EP0796779A1 - Method for the control and the safety of a guided transport system - Google Patents

Abstract

The method involves storage in formal language of a model of all foreseeable network states and events. Type-related dynamic data are represented in the form of Petri nets or their derivatives, and example-related static track network data in the form of double-vertex graphs. A first algorithm computes all possible sequence states and prevents triggering of a verifiable event when a forbidden state is involved. A second algorithm is brought in when an unacceptable event occurs, triggering verifiable events when these reduce the expected number of consequential forbidden states.

Description

The invention relates to a method according to the preamble of patent claim 1.

Such a method is known from M. Montigel's doctoral thesis "Modeling and guaranteeing dependencies in railway safety systems", submitted in 1994 at the Swiss Federal Institute of Technology, Zurich (DISS.ETH No. 10776).

It is intended to replace the methods used today to control and secure track-guided transport systems, in particular railway networks, and also to support the planning and economic use of such transport systems in a completely new way.

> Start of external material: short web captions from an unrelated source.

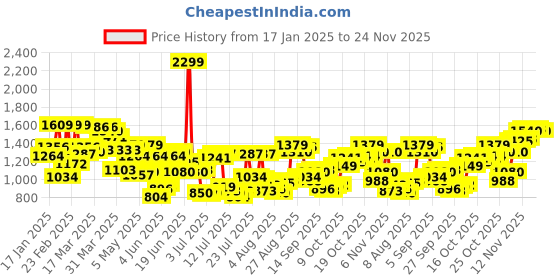 myntra.com Allen Solly Men Custom Spread Collar Checked Cotton Casual Shirt allen solly Price History Graph from 17 Jan 2025 to 24 Nov 2025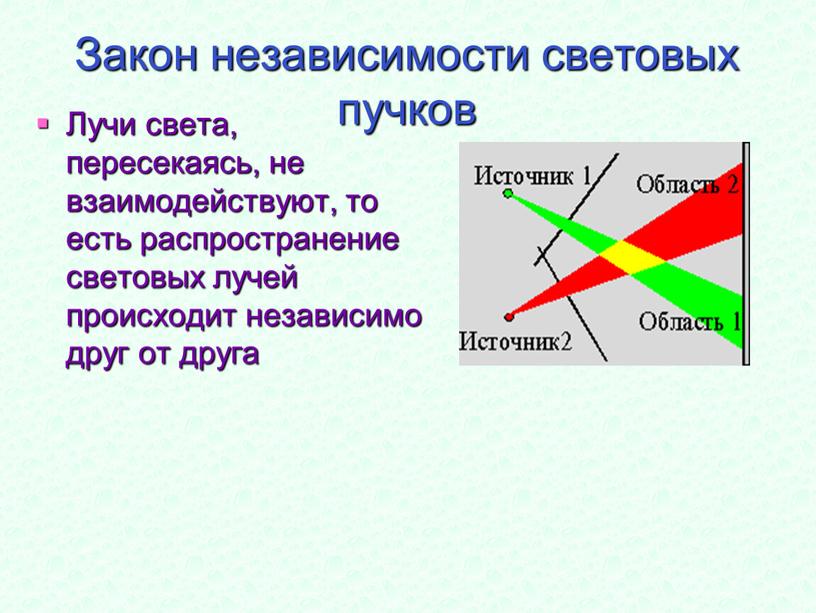 Закон независимости световых пучков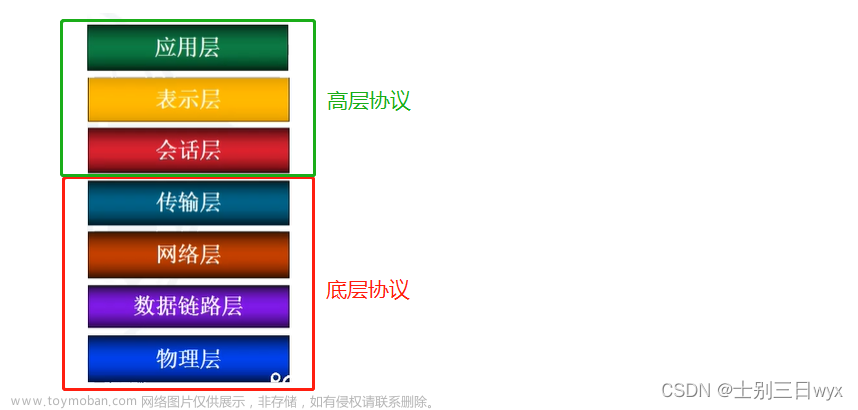 网络层到数据链路层怎么发数据的,《网络安全自学教程》,网络协议,安全,网络,网络安全,web安全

The system control and security solutions used today are based on track elements with neighboring relationships, provided with train speed data that are linked to form a route either via geographic circuits and then secured, or according to a prepared route that represents the route to be set List checked one after the other for their occupancy status and their current setting and saved, if necessary after switching to a predefined position.

These solutions are unsatisfactory in terms of treating the system with formal methods. The track element construct, of which there are relatively many basic types, is still too complex for this.

The above The dissertation therefore provides for the representation of the track network with the help of colon graphs, which has the advantage over a representation with simple directional graphs that there is no unnatural marking of a direction of travel (which leads to problems with track triangles and turning loops), and that topological peculiarities are better taken into account can, for example, hairpin bends on switches are not possible from the outset, so they do not have to be excluded.

In the dissertation mentioned at the outset, the railway protection system is understood as a distributed, discrete event system that can be reproduced using formal languages as a logical data model, with individual data areas being represented as stated at the outset.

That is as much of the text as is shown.